## TASK BRIEF
Reproduce word for word, from the entries below, the line with "若いブロンドの女性は分離背景のミスのための手で口を覆っているショックを受けた大学院の制服を着ています 秘密の概念 —", the line with "A bathroom featuring", and every line between them, and nothing more.

## SUPPLIED DATA
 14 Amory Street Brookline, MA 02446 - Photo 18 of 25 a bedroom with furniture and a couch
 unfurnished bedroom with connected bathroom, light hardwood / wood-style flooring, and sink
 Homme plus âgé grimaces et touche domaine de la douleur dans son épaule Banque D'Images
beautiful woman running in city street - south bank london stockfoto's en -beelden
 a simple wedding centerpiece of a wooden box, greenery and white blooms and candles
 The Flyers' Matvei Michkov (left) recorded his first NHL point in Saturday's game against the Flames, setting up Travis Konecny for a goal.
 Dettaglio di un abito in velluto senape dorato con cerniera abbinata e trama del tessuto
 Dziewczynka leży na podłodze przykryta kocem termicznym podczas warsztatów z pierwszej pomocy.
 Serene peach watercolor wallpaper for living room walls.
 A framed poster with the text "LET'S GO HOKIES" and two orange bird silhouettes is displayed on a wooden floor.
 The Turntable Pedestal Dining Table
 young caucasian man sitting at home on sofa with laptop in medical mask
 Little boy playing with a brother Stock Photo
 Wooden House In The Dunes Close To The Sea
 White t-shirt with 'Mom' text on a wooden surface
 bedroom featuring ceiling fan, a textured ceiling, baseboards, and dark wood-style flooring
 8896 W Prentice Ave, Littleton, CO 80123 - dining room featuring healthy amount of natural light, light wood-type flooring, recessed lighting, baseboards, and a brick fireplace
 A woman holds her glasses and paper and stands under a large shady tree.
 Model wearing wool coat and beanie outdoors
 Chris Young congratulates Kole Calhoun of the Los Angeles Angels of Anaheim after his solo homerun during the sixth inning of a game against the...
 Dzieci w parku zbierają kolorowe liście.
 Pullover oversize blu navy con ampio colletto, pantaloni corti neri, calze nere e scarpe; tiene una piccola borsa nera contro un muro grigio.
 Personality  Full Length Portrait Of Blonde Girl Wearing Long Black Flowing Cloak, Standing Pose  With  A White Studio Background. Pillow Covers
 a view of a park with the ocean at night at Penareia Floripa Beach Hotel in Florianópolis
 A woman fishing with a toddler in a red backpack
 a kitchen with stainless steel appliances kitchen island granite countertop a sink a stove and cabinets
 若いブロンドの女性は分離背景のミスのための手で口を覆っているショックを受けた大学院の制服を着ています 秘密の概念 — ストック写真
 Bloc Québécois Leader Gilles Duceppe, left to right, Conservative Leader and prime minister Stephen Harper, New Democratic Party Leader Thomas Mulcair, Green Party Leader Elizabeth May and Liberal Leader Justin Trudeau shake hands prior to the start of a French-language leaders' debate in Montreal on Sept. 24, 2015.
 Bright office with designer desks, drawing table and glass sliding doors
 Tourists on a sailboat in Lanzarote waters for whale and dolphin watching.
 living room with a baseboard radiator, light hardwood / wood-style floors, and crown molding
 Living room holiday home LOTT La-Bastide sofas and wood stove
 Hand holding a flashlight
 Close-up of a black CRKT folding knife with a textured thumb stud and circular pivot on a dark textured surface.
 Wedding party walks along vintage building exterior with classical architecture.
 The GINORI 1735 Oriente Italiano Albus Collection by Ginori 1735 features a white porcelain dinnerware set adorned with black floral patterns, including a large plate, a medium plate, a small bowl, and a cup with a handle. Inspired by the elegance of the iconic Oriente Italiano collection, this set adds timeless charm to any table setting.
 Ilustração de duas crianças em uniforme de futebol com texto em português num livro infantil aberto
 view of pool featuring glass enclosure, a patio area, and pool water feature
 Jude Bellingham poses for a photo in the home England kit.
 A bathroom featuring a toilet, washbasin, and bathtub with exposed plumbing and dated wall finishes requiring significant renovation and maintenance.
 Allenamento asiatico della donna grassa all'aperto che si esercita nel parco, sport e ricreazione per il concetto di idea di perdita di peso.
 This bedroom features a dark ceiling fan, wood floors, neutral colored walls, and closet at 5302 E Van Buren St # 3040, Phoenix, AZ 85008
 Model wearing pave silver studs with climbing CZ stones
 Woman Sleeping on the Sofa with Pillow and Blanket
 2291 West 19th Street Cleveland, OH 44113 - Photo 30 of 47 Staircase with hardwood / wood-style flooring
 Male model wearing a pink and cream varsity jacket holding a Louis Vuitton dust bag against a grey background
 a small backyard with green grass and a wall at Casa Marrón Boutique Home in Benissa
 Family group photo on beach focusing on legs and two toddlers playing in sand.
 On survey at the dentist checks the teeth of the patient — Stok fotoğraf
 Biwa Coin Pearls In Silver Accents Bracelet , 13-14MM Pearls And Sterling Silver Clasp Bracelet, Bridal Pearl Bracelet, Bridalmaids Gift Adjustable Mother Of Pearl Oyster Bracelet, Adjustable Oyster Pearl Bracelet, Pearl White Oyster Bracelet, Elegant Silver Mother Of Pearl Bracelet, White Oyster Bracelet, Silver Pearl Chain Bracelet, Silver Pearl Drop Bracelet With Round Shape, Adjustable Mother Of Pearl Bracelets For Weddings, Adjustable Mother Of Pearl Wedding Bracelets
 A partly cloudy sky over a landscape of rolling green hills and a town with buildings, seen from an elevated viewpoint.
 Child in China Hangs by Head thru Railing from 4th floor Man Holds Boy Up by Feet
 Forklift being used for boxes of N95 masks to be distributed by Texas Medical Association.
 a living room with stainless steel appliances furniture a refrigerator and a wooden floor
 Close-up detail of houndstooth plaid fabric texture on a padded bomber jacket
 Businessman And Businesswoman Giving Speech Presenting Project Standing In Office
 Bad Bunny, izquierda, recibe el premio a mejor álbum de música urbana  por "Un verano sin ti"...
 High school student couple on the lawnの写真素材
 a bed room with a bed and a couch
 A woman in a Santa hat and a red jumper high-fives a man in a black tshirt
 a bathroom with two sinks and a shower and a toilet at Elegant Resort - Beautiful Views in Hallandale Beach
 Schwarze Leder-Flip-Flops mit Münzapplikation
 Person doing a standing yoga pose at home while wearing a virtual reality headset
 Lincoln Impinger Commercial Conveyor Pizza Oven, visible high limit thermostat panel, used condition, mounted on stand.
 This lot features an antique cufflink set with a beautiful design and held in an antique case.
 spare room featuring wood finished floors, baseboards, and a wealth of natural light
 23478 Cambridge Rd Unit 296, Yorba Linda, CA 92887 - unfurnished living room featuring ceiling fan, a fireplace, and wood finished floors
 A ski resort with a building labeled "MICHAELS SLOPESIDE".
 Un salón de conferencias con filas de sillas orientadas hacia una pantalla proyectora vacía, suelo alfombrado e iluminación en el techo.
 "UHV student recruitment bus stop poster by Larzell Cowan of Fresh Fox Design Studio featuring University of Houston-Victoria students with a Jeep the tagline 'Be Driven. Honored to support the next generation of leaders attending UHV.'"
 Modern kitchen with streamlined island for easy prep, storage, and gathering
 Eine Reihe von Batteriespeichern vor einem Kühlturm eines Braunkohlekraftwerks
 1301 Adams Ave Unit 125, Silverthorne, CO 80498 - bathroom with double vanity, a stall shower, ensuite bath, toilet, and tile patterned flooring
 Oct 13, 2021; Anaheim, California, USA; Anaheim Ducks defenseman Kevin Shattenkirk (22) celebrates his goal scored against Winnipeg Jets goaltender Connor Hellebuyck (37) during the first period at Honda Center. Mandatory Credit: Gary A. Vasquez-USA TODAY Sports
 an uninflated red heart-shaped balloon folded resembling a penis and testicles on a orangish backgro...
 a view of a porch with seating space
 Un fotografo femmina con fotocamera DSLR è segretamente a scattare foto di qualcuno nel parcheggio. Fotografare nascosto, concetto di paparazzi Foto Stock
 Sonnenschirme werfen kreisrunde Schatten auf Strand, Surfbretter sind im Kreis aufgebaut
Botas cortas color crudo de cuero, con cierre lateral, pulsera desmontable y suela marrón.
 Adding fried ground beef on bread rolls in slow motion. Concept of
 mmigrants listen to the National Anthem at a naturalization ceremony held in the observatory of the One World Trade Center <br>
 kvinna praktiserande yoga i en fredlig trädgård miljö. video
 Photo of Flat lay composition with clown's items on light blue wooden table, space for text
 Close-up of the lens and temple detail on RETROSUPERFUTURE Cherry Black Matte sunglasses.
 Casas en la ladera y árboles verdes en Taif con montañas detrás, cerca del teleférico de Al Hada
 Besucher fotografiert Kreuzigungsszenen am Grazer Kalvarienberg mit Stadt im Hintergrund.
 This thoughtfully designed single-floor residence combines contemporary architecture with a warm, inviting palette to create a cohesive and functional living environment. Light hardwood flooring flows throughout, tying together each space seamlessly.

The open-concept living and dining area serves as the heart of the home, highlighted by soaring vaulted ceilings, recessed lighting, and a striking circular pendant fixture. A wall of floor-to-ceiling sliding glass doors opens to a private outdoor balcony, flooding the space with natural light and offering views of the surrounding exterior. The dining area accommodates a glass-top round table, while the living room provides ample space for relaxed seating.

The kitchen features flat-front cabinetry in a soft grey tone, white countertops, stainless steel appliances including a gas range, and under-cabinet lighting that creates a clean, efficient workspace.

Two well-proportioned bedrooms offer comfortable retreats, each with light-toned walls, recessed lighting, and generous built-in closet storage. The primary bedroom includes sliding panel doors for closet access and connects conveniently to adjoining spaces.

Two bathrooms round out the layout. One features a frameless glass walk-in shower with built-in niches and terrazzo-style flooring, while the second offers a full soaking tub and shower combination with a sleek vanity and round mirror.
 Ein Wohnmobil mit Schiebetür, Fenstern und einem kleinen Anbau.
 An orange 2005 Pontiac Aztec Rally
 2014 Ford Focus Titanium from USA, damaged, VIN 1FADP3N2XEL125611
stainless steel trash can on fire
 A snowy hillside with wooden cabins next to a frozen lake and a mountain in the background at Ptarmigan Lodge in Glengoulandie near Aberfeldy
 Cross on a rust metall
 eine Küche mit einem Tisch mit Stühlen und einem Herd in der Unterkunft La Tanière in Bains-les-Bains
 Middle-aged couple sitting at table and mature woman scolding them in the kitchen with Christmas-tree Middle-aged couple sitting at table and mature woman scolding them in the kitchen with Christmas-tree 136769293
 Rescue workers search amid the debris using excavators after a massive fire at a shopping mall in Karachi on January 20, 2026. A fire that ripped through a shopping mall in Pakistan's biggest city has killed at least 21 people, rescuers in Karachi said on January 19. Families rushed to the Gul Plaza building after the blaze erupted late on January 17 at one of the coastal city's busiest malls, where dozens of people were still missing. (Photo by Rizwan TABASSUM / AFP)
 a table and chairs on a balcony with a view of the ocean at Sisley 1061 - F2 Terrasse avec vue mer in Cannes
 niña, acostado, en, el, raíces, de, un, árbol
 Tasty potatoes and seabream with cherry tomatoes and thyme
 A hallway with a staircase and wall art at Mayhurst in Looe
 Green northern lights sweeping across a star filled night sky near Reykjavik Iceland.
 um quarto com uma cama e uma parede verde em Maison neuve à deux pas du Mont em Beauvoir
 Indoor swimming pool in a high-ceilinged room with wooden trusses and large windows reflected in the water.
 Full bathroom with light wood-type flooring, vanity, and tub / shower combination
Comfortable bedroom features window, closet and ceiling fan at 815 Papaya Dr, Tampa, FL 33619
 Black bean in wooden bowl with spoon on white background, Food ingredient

## ANSWER FOR THIS EXERCISE
 若いブロンドの女性は分離背景のミスのための手で口を覆っているショックを受けた大学院の制服を着ています 秘密の概念 — ストック写真
 Bloc Québécois Leader Gilles Duceppe, left to right, Conservative Leader and prime minister Stephen Harper, New Democratic Party Leader Thomas Mulcair, Green Party Leader Elizabeth May and Liberal Leader Justin Trudeau shake hands prior to the start of a French-language leaders' debate in Montreal on Sept. 24, 2015.
 Bright office with designer desks, drawing table and glass sliding doors
 Tourists on a sailboat in Lanzarote waters for whale and dolphin watching.
 living room with a baseboard radiator, light hardwood / wood-style floors, and crown molding
 Living room holiday home LOTT La-Bastide sofas and wood stove
 Hand holding a flashlight
 Close-up of a black CRKT folding knife with a textured thumb stud and circular pivot on a dark textured surface.
 Wedding party walks along vintage building exterior with classical architecture.
 The GINORI 1735 Oriente Italiano Albus Collection by Ginori 1735 features a white porcelain dinnerware set adorned with black floral patterns, including a large plate, a medium plate, a small bowl, and a cup with a handle. Inspired by the elegance of the iconic Oriente Italiano collection, this set adds timeless charm to any table setting.
 Ilustração de duas crianças em uniforme de futebol com texto em português num livro infantil aberto
 view of pool featuring glass enclosure, a patio area, and pool water feature
 Jude Bellingham poses for a photo in the home England kit.
 A bathroom featuring a toilet, washbasin, and bathtub with exposed plumbing and dated wall finishes requiring significant renovation and maintenance.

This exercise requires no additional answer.